— Наверняка твой отец. Кому еще придет в голову звонить в три часа ночи! Как мне теперь уснуть? Не клади трубку на рычаг, не хочу, чтобы нас снова разбудили.
* * *
Следующим вечером я испытал самое сильное потрясение в жизни. Выйдя после занятий из лицея, я увидел на другой стороне улицы Сесиль и не поверил своим глазам. Она должна была уехать в Роттердам вместе с Франком и нашим отцом — в Роттердам или в другое место, — но в Париже ее быть не могло! Наступил апрель, но на улице было холодно, как зимой, а Сесиль, стоявшая на углу улицы Кловис, была в одном свитере. Я заметил ее первым, помахал рукой и сразу понял: ничего не получилось, что-то пошло не так. Меня охватил ужас. Движение было такое плотное, что я никак не мог перейти на другую сторону. Сесиль что-то кричала. Я побежал и едва не попал под машину.
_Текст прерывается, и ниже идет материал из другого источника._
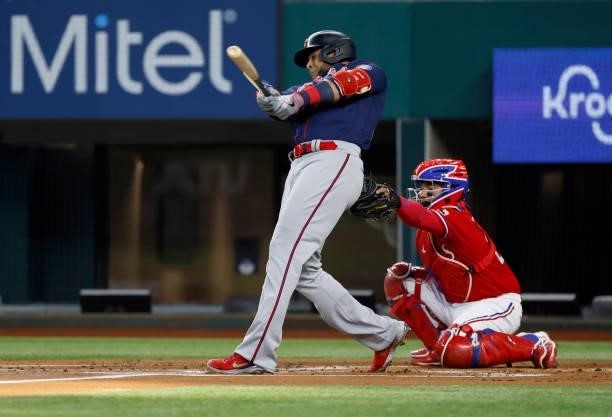 Nelson Cruz of the Minnesota Twins breaks his bat with a run scoring single against the Texas Rangers during the first inning at Globe Life Field on...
— Где Франк? Его нет в Кашане!
Папа повязал меня «обетом молчания», и я сказал:
— Не знаю…
— Не ври, Мишель! Где он?
Вокруг начали собираться мои соученики. Я снял бушлат и накинул Сесиль на плечи:
— Пошли.
Провожаемые взглядами прохожих, мы направились к площади Контрэскарп и сели на террасе «Ла Шоп». Я заказал два больших кофе со сливками. Сесиль била дрожь, она никак не могла согреться.
— Франк исчез. Твой отец должен знать, где он.
— Папа ничего мне не говорит. Ни единого слова.
— Он дома?
Официант принес наш заказ, и Сесиль обняла ладонями чашку. Я спрашивал себя, должен ли сказать правду, и если да, то какую именно? Что лучше — нарушить слово и выдать папу и Франка или солгать Сесиль и лишиться ее доверия?
— Он должен быть в магазине.
— Ты уверен?
— Конечно, если не поехал к клиенту.
— Вы виделись утром?
— Он уходит рано, когда мы еще спим. У него сейчас очень много работы. А к чему все эти вопросы?
— Вчера у нас была назначена встреча. В полдень. В бистро у ворот Пантен. Я ждала. Они не пришли.